-- Work instruction --
All of the data that follows should be retyped exactly, please, except the pictures.

-- Extracted records --

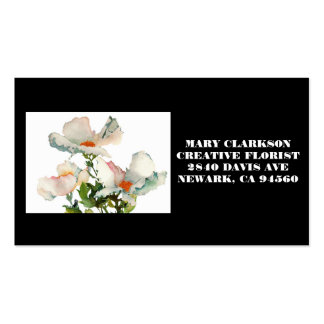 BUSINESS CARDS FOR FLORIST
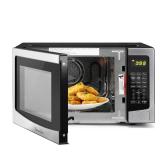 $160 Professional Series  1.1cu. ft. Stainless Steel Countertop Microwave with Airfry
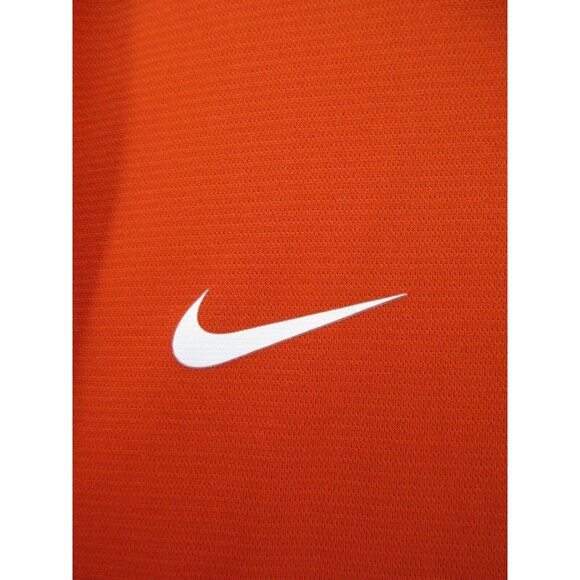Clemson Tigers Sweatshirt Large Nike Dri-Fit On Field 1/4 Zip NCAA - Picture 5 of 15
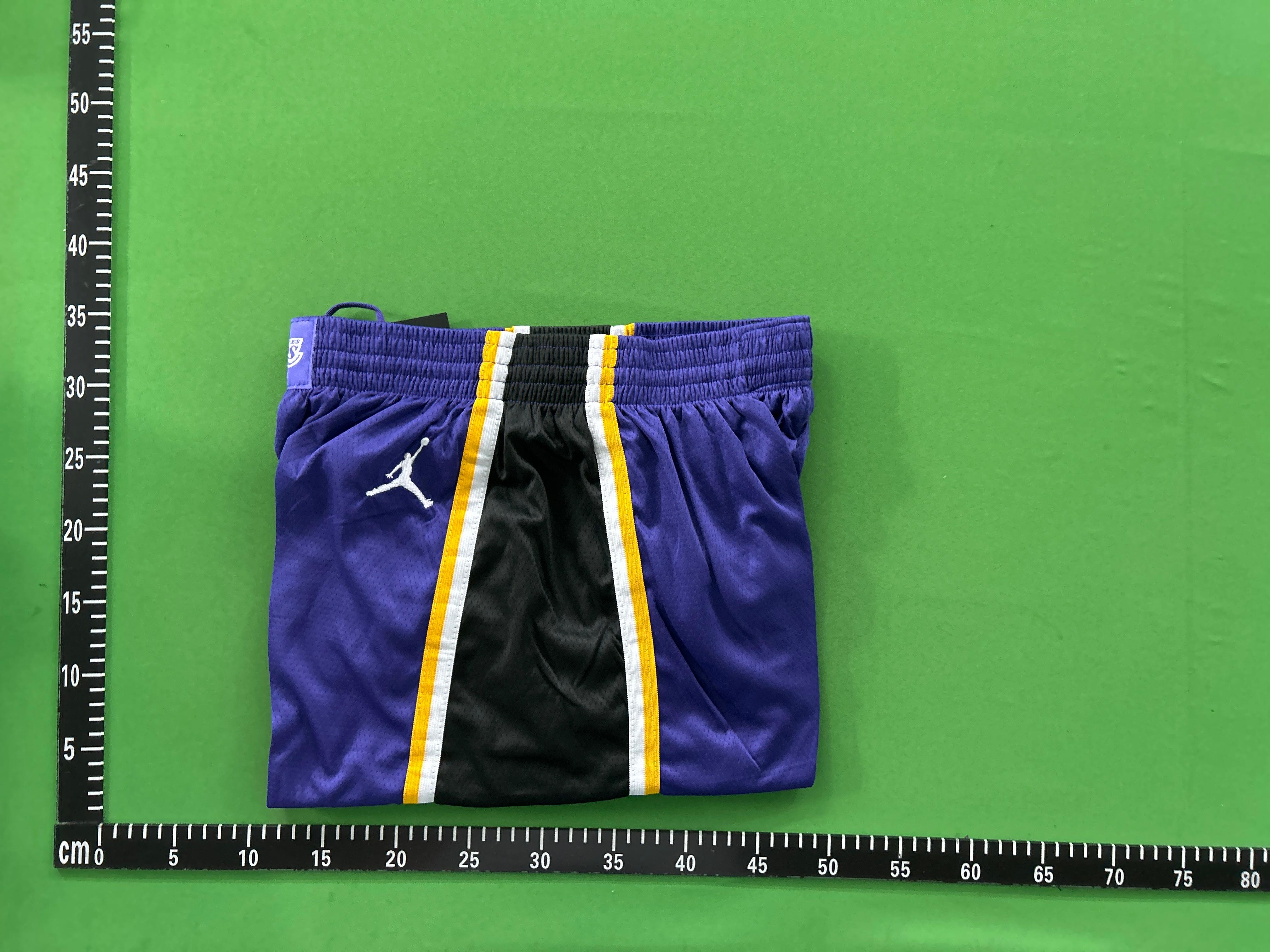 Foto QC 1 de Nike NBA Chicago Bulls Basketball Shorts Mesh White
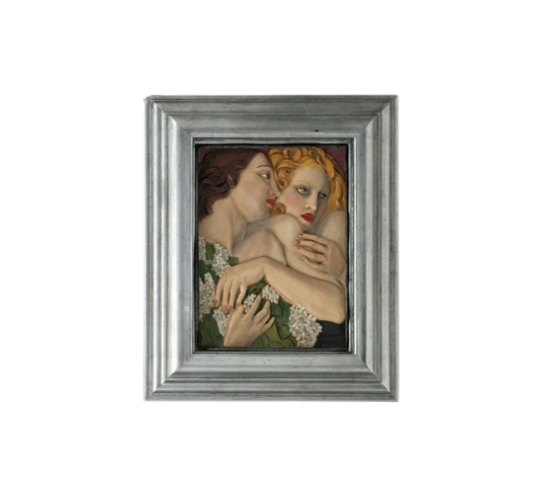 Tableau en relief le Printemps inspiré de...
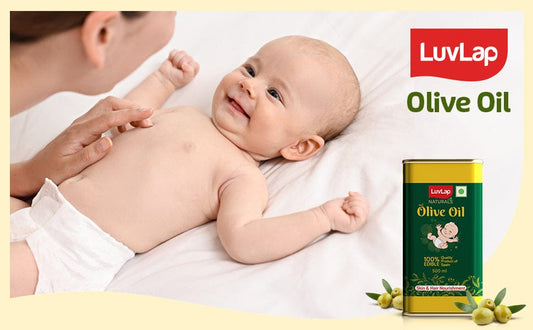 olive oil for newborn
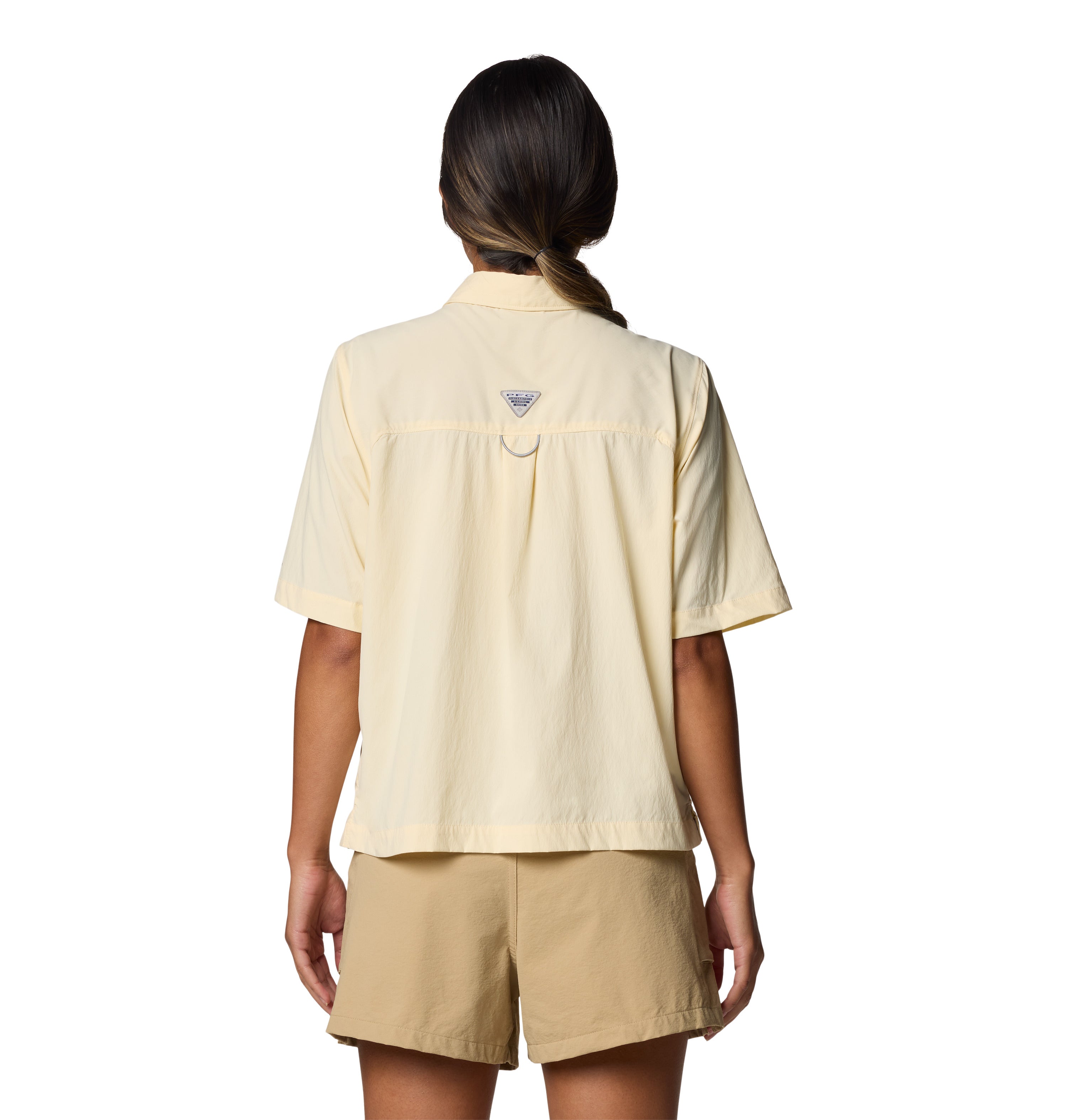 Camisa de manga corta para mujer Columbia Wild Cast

-- Response to the task --
 BUSINESS CARDS FOR FLORIST
 $160 Professional Series  1.1cu. ft. Stainless Steel Countertop Microwave with Airfry
Clemson Tigers Sweatshirt Large Nike Dri-Fit On Field 1/4 Zip NCAA - Picture 5 of 15
 Foto QC 1 de Nike NBA Chicago Bulls Basketball Shorts Mesh White
 Tableau en relief le Printemps inspiré de...
 olive oil for newborn
 Camisa de manga corta para mujer Columbia Wild Cast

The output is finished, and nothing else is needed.